Documentary Releases: The Kingmaker (2019) - Reviewed


Few documentary filmmakers have been granted such unprecedented access to or possesses such keen insight into the world of the wealthy as American photographer Lauren Greenfield.  Between The Queen of Versailles which transformed the story of Jackie and David Siegel’s financial turmoil amid the economic downturn into a tragicomic fable debunking the American Dream and her Amazon Prime documentary Generation Wealth which further elaborated on the broad spectrum of wealth’s impact on our values system, Greenfield has set herself apart from the pack by turning her cameras unto opulence.   

Now comes the Showtime original documentary The Kingmaker which finds Greenfield’s sights set on what is easily her most electric subject yet: the mercurial and cunning First Lady of the Philippines, Imelda Romualdez Marcos.  Formerly married to the late dictator Ferdinand Marcos of the Philippines, Imelda and the Marcos regime quickly became infamous for defrauding the government, spending the country into the ground and a myriad of corruption charges including placing the country under martial law.  The level of extravagance enjoyed by Imelda Marcos was so extreme it coined the adjective ‘Imeldific’ to describe excessive luxuriousness. 

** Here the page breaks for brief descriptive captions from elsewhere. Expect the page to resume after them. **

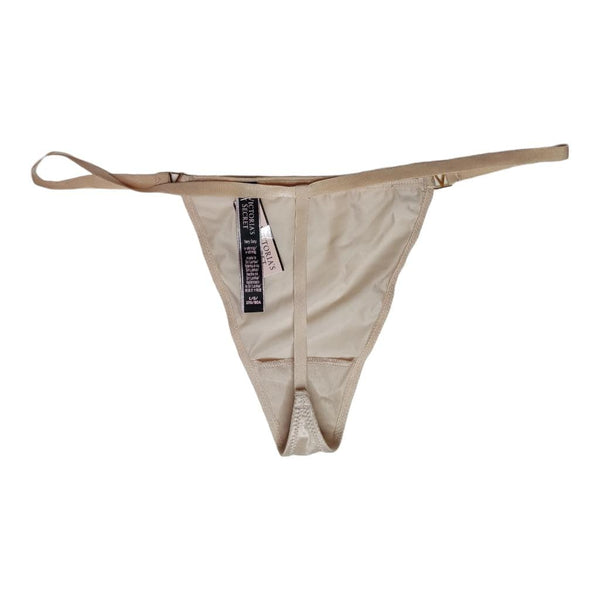 TANGA Talla L - Victoria's Secret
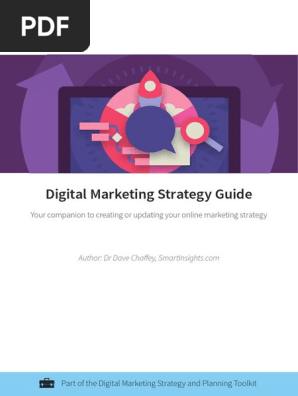 7-Steps-to-Digital-Marketing-Strategy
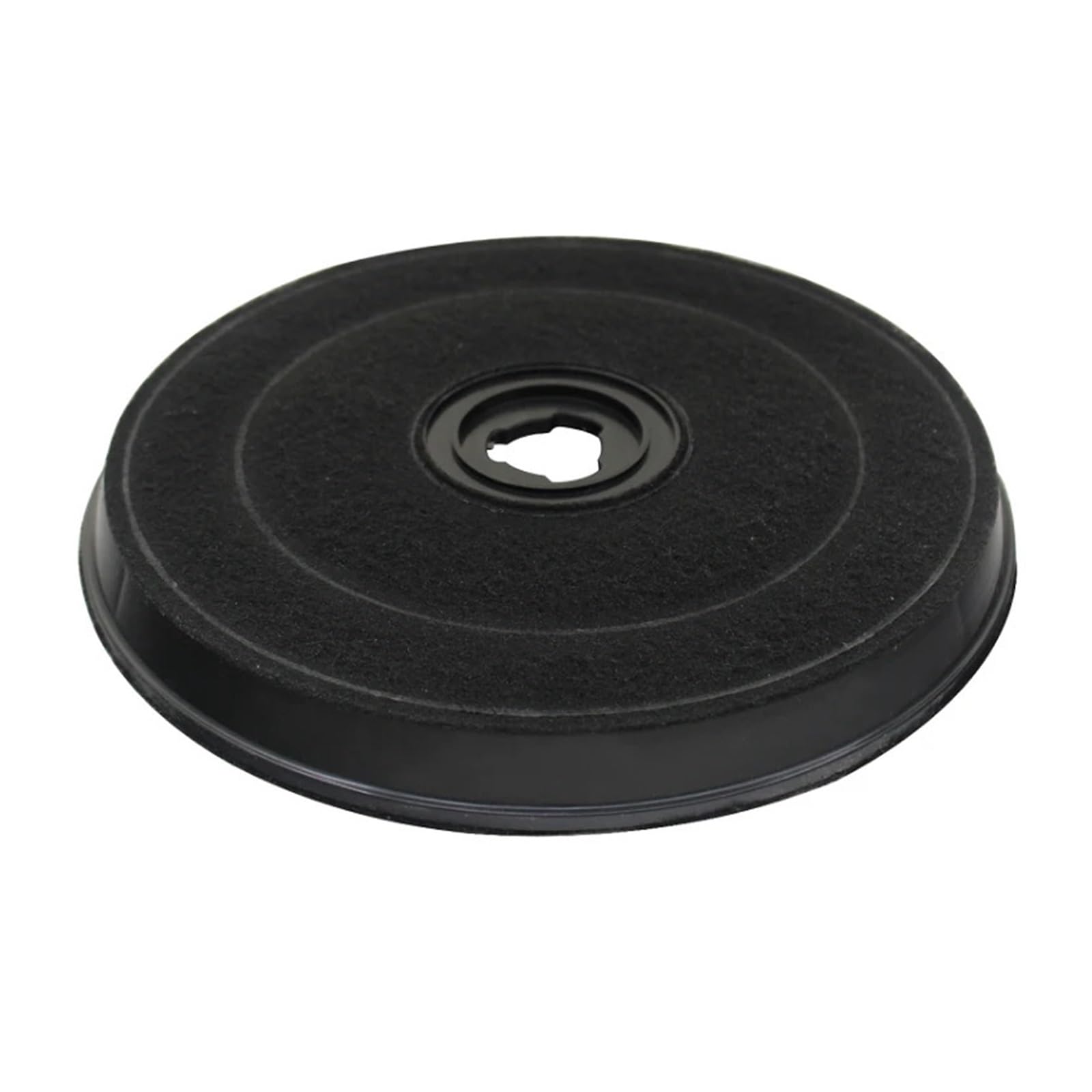 Filtro De Campana Extractora C010 For Montaje En Pared De Cocina, Ventilación De Repuesto Sin Conductos, Fácil Instalación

Coupled with widespread rumors she and her husband were responsible for the assassination of political opponent Benigno Aquino, Jr., the People Power Revolution forced the Marcos’ into exile for years until the early 1990s.  Despite facing an ocean of criminal charges upon their return, the Marcos’ still managed to regain political power in the country.  Despite a democratic election, many remain concerned the Marcos family can and will inevitably attain a political stronghold in the region with fears of martial law returning to the landscape.

With all of this surrounding Imelda Marcos, a frequently unreliable narrator whose greed remains unmatched and words still can’t fully be trusted, Greenfield and her cameras zero in on the 90 year old politician who paints a picture of innocence but whose avarice is as plain as day.  The resulting film is something like Lauren Greenfield’s General Idi Amin Dada: A Self Portrait, positing viewers inches away from the subject, leaving no room for sympathy yet providing a fascinating glimpse into what is ostensibly the heart of the Marcos regime.   


Visually the documentary is well lensed by Lars Skree and Shana Hagan though it does incorporate numerous preexisting sources of footage which vary in picture quality from scene to scene.  Kubrick aficionados will recognize the name of composer Jocelyn Pook from Eyes Wide Shut and the mood provided here is one of a sense of impending doom and dismay over the gross spectacle of ill-gotten gains.  Mostly, though, this is Greenfield’s motion picture portrait of one of the world’s most powerful women whose penchant for materialism and boundlessly strategic talent for lying to save face remains unmatched.  For director Greenfield, The Kingmaker is a bona fide knockout!